▶ **Exercise goal**:
An exact reproduction is needed of every line from the beginning of the data down to and including the line that contains "Silla Efit 40", minus the pictures.

Short text fragments from websites
*** Block opens ***
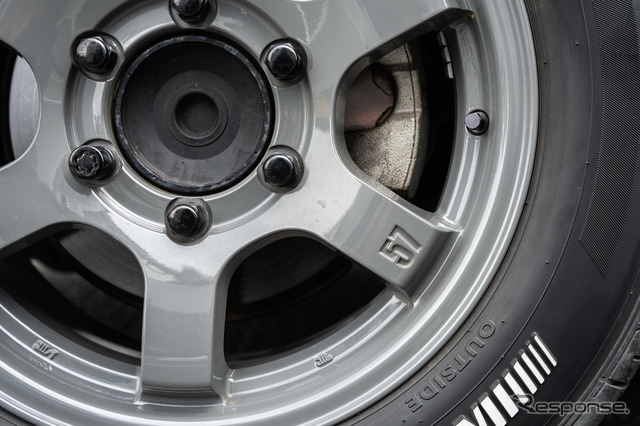 TOYOTA ハイエース × グラムライツ 57DR-X…レイズファンミーティング2025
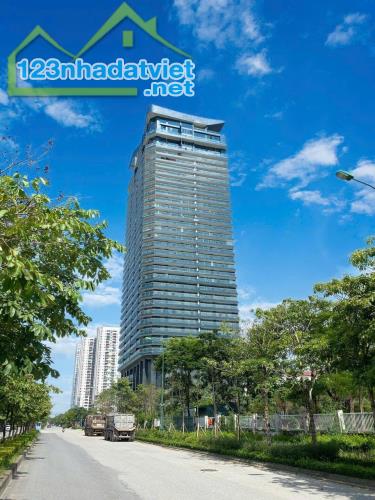 BÁN CĂN HỘ CHUNG CƯ CAO CẤP SUNSHINE GOLDEN RIVER, GIÁ CHỈ 24 TỶ, DIỆN TÍCH 212M2, 4PN,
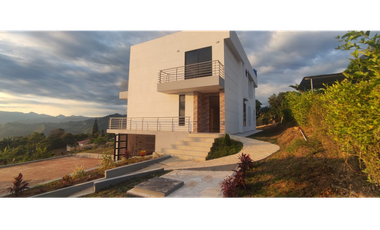 Casa campestre de 850 M2 en 750 mill en La Mesa Cund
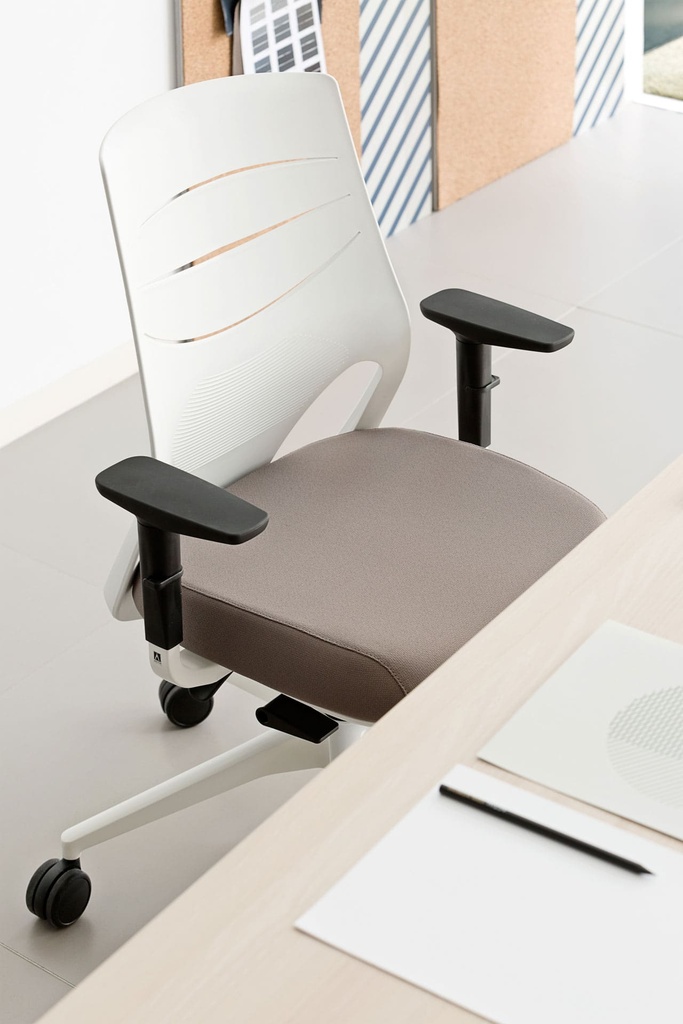 Silla Efit 40 con respaldo alto y asiento marrón en oficina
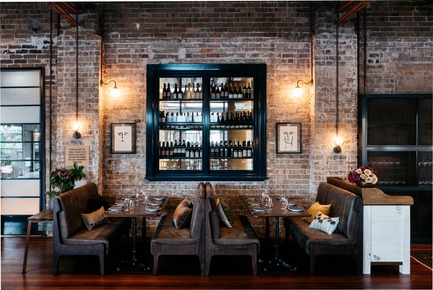 Press kit | 2887-04 - Press release | Stanton&Co - Alexander &CO. - Commercial Interior Design - Banquette Seating - Photo credit: Felix Forest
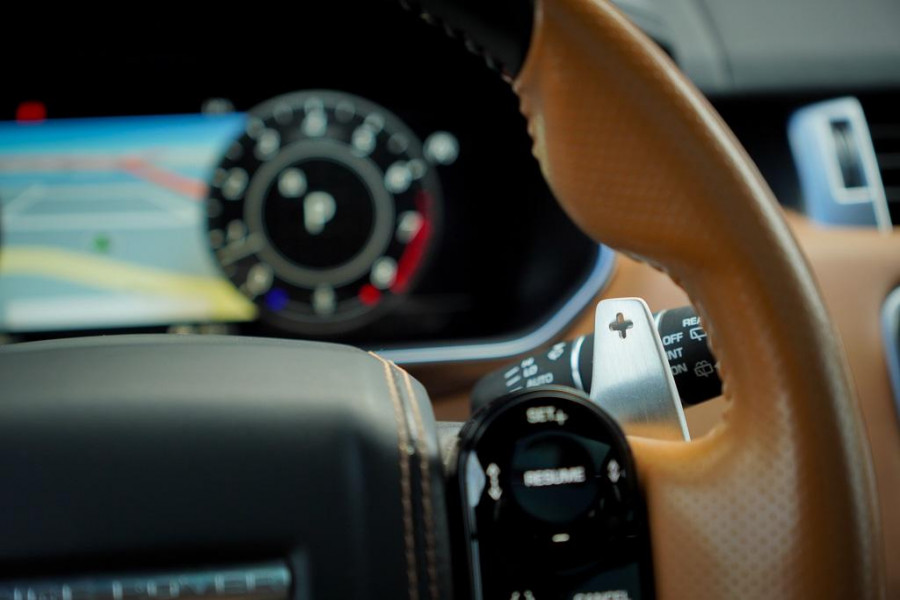 Land Rover Range Rover Sport 5.0 V8 SVR 575 PK / SVO Lak / Pano / Alcantara / Carbon / Trekhaak Land Rover Range Rover Sport 5.0 V8 SVR 575 PK / SVO Lak / Pano / Alcantara / Carbon / Trekhaak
*** Block closes ***
▶ **Result of the exercise**:
 TOYOTA ハイエース × グラムライツ 57DR-X…レイズファンミーティング2025
 BÁN CĂN HỘ CHUNG CƯ CAO CẤP SUNSHINE GOLDEN RIVER, GIÁ CHỈ 24 TỶ, DIỆN TÍCH 212M2, 4PN,
 Casa campestre de 850 M2 en 750 mill en La Mesa Cund
 Silla Efit 40 con respaldo alto y asiento marrón en oficina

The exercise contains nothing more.